The attendant slapped at her, easily being parried, and no doubt reasonably thinking she was going to die. Had she plunged forward like her partner, she would have. But as far as Kara was concerned, this was now a non-combatant. She wasn’t going to move to help her own ‘Queen’ now, not if such damage was her reward. So Kara shared the protective ward as best she could, and looked for wounds to bind. These were also not methods her House had taught, but they were the results of some of the Queen’s first orders to her. Mercy, where possible. So, very well.

While Karnilla tore apart the room looking for her hidden attacker, who now and then slipped through the room to build up energy only to vanish again, Kara pinned down the frightened girl’s wrists and bound up the worst of the bloody tears on her skin. That began to still her, though her eyes were still huge.

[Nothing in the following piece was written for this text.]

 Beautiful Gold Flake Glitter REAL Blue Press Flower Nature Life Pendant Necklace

“I will be Queen here, girl Frigga, and you will fall. You cannot hold your invisibility forever.”

“ _I don’t have to._ ” The whisper seemed to come from everywhere as offensive magic continued to pound through the air, hunting for her. “ _I am only waiting._ ”

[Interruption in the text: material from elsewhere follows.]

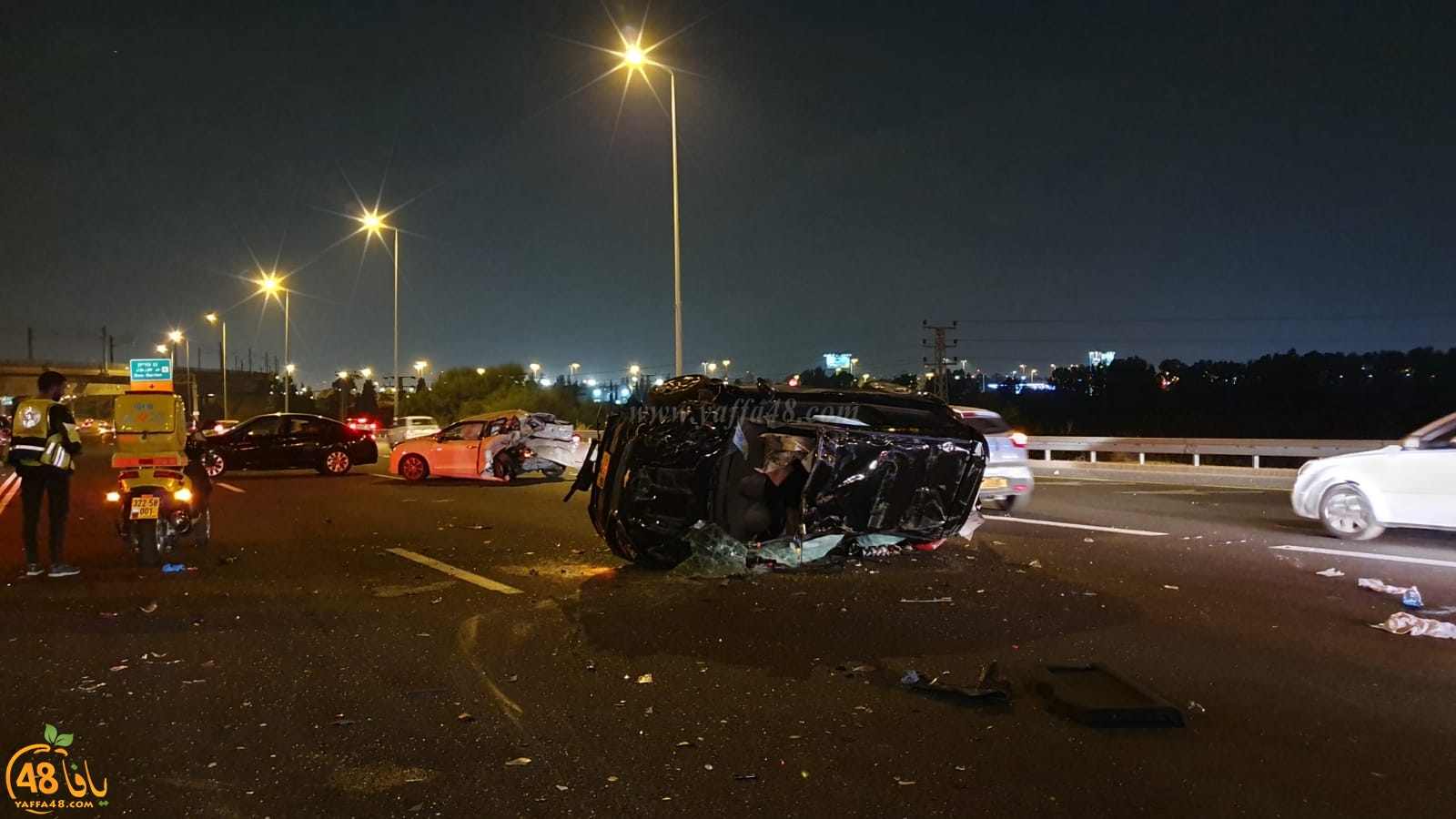 5 اصابات بحادث طرق وانقلاب مركبتين على طريق مطار اللد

“For what?” No answer came. Karnilla snapped her fingers, watching where strange and venomous ‘lightning’ coursed through the room, finding nothing. The witch-queen’s gaze passed over Kara and the wounded attendant, and for a moment those dark eyes turned to embers. Kara’s hand on the girl’s arm tightened.

Then Karnilla staggered. A rare and direct assault, a punch of clean air against her back from that still-hidden assailant. Kara smelled it, fresh flowers and hot sunlight. A deliberate slap against Karnilla’s face here in her chosen and gloomy lair, if she’d just realize it.

She didn’t. She whirled, flinging out a wave of energy. That also found no target.

Across the pool of dark water, another skip of motion broke its surface. Kara glanced at it, realizing it had gone full and unnerving black.

The Norns slept, so the legends went. It would take much to awaken them, according to the ancient lore she’d read. Sacrifice. Power. Blood.

All of that was building in this room. Hovering in the air, stirring the water, dripping to the stones of the floor. The attendant girl crawled further behind her, frightened.

_Oh, Gods_. Kara felt chilled. No creature that worked best by sacrifice was going to be a true ally to the living. But regardless, it was _Frigga_ counting on their attentions and focusing all of Karnilla’s ire into enough raw magical energy to draw them out. The ritual was in the Queen’s hands, and by the void that now replaced the water’s calm surface, she was succeeding at it.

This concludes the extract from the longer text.